Copyright Notice

This text is copyright by InfoStrada Communications, Inc., and is used with their permission. Further distribution or use is not permitted.

This text has appeared in an edited form in Linux Magazine magazine. However, the version you are reading here is as the author originally submitted the article for publication, not after their editors applied their creativity.

Please read all the information in the table of contents before using this article.

Linux Magazine Column 97 (Sep 2007)

[suggested title: ``Always wear your utility belt (part 2)'']

Last month, I introduced the Scalar::Util super hero of the Scalar/List-Util dynamic duo, describing how a somewhat-overlooked standard library can simplify some of your common tasks. In this month's column, I'll examine List::Util for the help it can provide to your list tasks. I'll also look at List::MoreUtils for some additional common list operations, if you don't mind a quick CPAN install. (And you'll need to install List::Util from the CPAN anyway if you're running something prior to Perl 5.8.)

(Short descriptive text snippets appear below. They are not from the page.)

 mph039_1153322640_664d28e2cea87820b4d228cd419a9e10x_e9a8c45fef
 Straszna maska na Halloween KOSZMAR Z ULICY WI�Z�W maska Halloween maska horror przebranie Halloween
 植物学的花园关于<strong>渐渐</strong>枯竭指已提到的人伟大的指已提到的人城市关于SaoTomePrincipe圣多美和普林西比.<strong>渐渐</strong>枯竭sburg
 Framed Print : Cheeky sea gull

Like Scalar::Util, the List::Util module doesn't export any subroutines by default. That means that you'll need to ask for each of these routines explicitly with use.

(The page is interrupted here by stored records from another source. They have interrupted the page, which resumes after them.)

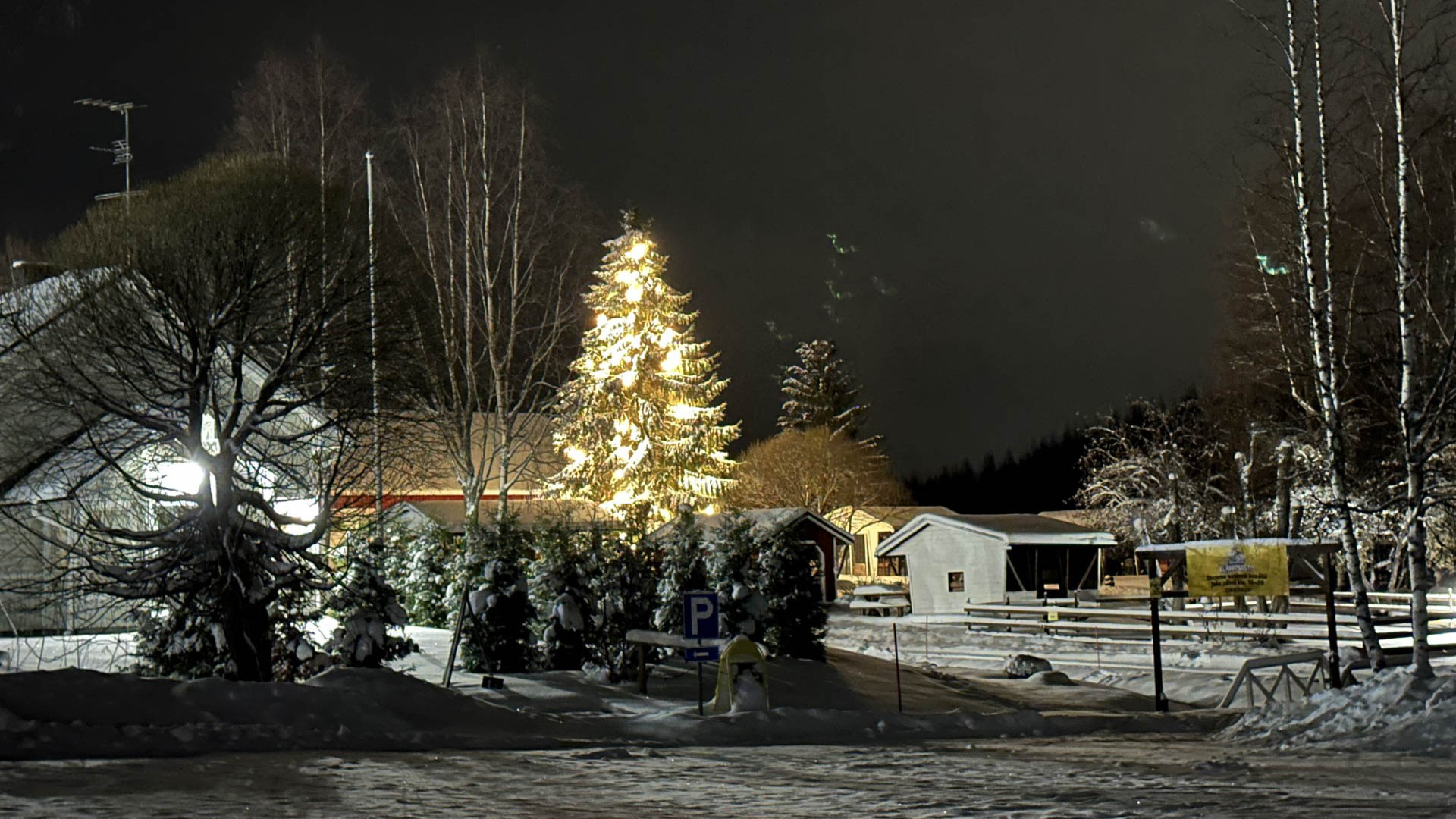 Elainpuisto-kuusi Kuopion eläinpuisto joulu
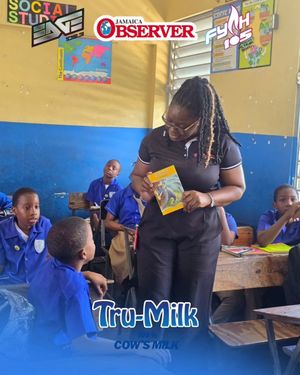Image post by @jamaicaobserver on Instagram
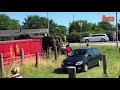 when circus animals attack compilation part 2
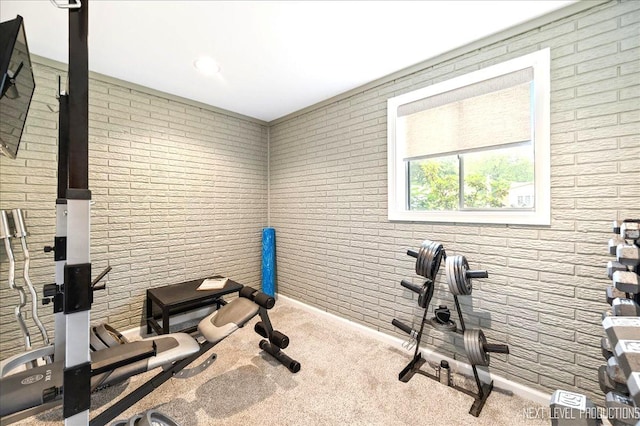 636 Cambridge Dr, Schaumburg, IL 60193 - workout area featuring carpet floors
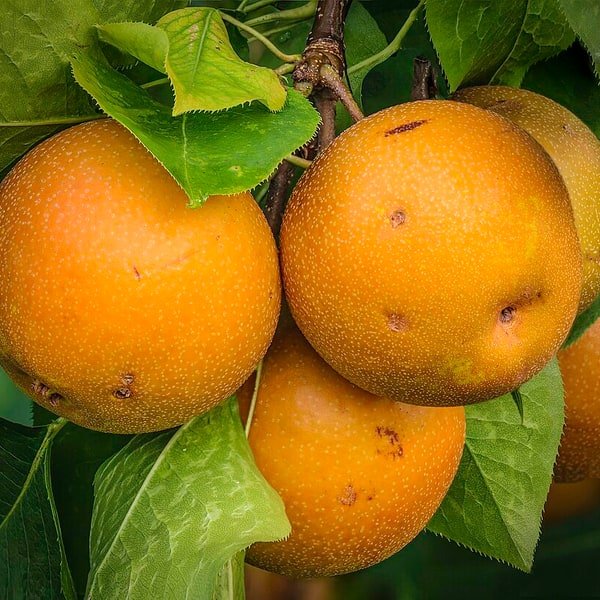 Asian Pear Nashi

First, let's look at (the appropriately titled) first. Let's say you have a list of items, and you want to find the first one that is greater than ten characters. Simply pull out first, like this:

  use List::Util qw(first);
  my $big_enough = first { length > 10 } @the_list;

The first routine walks through the list similar to grep or map, placing each item into $_. The block is then evaluated, looking for a true or false value. If true, the corresponding value of $_ is returned immediately. If every evaluation of the block returns false, then first returns undef.

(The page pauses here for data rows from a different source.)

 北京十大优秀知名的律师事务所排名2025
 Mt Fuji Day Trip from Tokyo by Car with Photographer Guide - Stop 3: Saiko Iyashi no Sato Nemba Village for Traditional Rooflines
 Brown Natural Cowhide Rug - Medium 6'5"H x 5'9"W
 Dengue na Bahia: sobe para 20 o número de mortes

Note that this is similar to:

  my ($big_enough) = grep { length $_ > 10 } @the_list;

However, the first routine avoids testing the remainder of the list once we have found our item of choice. For short lists, we might not care, but for long lists, this can save us some time if we expect a true value somewhat early in the list.

We do lose a tiny bit of information with first as well. If undef is a significant return value, we can't tell the undef as one of the list members from the undef returned at the end of the list. For example, if we wanted the ``first undef'' from a list:

  my $first_undef = first { not defined $_ } @items;

we couldn't tell if this was returning a ``found'' undef, or a ``not found'' signal (also undef). In the grep equivalent, we can see whether there are zero or non-zero elements assigned:

  if (my ($first_undef) = grep { not defined $_ } @items) {
    # really found an undef
  } else {
    # no undef found
  }

Admittedly, I can't recall where I've ever cared that much. But it's an interesting thing to think about when designing return values from functions. But enough on first. Let's move on.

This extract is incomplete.